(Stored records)
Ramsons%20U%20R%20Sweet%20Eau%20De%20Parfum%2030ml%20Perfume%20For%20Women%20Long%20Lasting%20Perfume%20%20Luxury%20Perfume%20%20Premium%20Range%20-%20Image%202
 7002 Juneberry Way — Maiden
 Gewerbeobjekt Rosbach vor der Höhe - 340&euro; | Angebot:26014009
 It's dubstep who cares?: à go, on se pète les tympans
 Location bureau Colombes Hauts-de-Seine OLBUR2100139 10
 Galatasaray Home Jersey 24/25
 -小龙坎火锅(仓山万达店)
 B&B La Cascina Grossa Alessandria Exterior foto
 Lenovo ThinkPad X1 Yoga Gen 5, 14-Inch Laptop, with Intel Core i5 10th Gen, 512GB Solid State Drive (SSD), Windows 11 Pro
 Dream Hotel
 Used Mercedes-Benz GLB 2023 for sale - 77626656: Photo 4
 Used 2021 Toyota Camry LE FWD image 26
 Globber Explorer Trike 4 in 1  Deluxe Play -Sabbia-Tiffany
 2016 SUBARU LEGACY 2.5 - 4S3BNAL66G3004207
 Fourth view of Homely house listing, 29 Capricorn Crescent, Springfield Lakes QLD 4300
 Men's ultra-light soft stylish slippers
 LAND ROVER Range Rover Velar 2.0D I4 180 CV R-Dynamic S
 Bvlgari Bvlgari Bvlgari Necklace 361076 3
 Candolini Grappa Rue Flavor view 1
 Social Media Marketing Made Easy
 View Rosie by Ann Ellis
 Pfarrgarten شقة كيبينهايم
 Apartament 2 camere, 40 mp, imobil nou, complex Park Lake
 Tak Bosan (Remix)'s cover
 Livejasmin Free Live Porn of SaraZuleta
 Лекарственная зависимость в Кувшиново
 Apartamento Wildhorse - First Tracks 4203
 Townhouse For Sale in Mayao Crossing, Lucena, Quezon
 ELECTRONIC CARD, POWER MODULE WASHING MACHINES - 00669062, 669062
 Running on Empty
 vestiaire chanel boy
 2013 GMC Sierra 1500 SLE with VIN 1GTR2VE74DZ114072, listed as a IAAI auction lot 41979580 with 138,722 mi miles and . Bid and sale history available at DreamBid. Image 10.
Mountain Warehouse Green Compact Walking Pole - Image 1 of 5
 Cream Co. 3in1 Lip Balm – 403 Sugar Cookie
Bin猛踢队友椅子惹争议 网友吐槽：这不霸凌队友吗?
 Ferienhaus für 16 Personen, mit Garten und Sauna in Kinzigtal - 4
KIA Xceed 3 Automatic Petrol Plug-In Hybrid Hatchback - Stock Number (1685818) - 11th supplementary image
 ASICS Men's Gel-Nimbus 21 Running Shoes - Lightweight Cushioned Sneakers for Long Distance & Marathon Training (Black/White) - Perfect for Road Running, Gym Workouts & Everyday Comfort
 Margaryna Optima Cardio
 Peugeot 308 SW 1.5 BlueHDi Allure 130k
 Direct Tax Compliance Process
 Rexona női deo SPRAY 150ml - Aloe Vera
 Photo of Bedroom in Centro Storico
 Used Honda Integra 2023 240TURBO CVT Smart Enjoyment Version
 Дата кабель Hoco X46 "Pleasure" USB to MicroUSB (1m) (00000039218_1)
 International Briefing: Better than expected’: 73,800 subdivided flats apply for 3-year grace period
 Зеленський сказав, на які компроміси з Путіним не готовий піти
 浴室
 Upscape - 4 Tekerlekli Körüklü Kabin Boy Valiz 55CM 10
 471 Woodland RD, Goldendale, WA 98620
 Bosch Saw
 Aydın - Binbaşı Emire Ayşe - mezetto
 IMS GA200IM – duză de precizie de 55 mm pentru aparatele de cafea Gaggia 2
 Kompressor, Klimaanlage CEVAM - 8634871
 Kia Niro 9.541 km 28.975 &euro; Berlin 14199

**Task directions**
Copy out each record word for word.

**Result for this exercise**
Ramsons%20U%20R%20Sweet%20Eau%20De%20Parfum%2030ml%20Perfume%20For%20Women%20Long%20Lasting%20Perfume%20%20Luxury%20Perfume%20%20Premium%20Range%20-%20Image%202
 7002 Juneberry Way — Maiden
 Gewerbeobjekt Rosbach vor der Höhe - 340&euro; | Angebot:26014009
 It's dubstep who cares?: à go, on se pète les tympans
 Location bureau Colombes Hauts-de-Seine OLBUR2100139 10
 Galatasaray Home Jersey 24/25
 -小龙坎火锅(仓山万达店)
 B&B La Cascina Grossa Alessandria Exterior foto
 Lenovo ThinkPad X1 Yoga Gen 5, 14-Inch Laptop, with Intel Core i5 10th Gen, 512GB Solid State Drive (SSD), Windows 11 Pro
 Dream Hotel
 Used Mercedes-Benz GLB 2023 for sale - 77626656: Photo 4
 Used 2021 Toyota Camry LE FWD image 26
 Globber Explorer Trike 4 in 1  Deluxe Play -Sabbia-Tiffany
 2016 SUBARU LEGACY 2.5 - 4S3BNAL66G3004207
 Fourth view of Homely house listing, 29 Capricorn Crescent, Springfield Lakes QLD 4300
 Men's ultra-light soft stylish slippers
 LAND ROVER Range Rover Velar 2.0D I4 180 CV R-Dynamic S
 Bvlgari Bvlgari Bvlgari Necklace 361076 3
 Candolini Grappa Rue Flavor view 1
 Social Media Marketing Made Easy
 View Rosie by Ann Ellis
 Pfarrgarten شقة كيبينهايم
 Apartament 2 camere, 40 mp, imobil nou, complex Park Lake
 Tak Bosan (Remix)'s cover
 Livejasmin Free Live Porn of SaraZuleta
 Лекарственная зависимость в Кувшиново
 Apartamento Wildhorse - First Tracks 4203
 Townhouse For Sale in Mayao Crossing, Lucena, Quezon
 ELECTRONIC CARD, POWER MODULE WASHING MACHINES - 00669062, 669062
 Running on Empty
 vestiaire chanel boy
 2013 GMC Sierra 1500 SLE with VIN 1GTR2VE74DZ114072, listed as a IAAI auction lot 41979580 with 138,722 mi miles and . Bid and sale history available at DreamBid. Image 10.
Mountain Warehouse Green Compact Walking Pole - Image 1 of 5
 Cream Co. 3in1 Lip Balm – 403 Sugar Cookie
Bin猛踢队友椅子惹争议 网友吐槽：这不霸凌队友吗?
 Ferienhaus für 16 Personen, mit Garten und Sauna in Kinzigtal - 4
KIA Xceed 3 Automatic Petrol Plug-In Hybrid Hatchback - Stock Number (1685818) - 11th supplementary image
 ASICS Men's Gel-Nimbus 21 Running Shoes - Lightweight Cushioned Sneakers for Long Distance & Marathon Training (Black/White) - Perfect for Road Running, Gym Workouts & Everyday Comfort
 Margaryna Optima Cardio
 Peugeot 308 SW 1.5 BlueHDi Allure 130k
 Direct Tax Compliance Process
 Rexona női deo SPRAY 150ml - Aloe Vera
 Photo of Bedroom in Centro Storico
 Used Honda Integra 2023 240TURBO CVT Smart Enjoyment Version
 Дата кабель Hoco X46 "Pleasure" USB to MicroUSB (1m) (00000039218_1)
 International Briefing: Better than expected’: 73,800 subdivided flats apply for 3-year grace period
 Зеленський сказав, на які компроміси з Путіним не готовий піти
 浴室
 Upscape - 4 Tekerlekli Körüklü Kabin Boy Valiz 55CM 10
 471 Woodland RD, Goldendale, WA 98620
 Bosch Saw
 Aydın - Binbaşı Emire Ayşe - mezetto
 IMS GA200IM – duză de precizie de 55 mm pentru aparatele de cafea Gaggia 2
 Kompressor, Klimaanlage CEVAM - 8634871
 Kia Niro 9.541 km 28.975 &euro; Berlin 14199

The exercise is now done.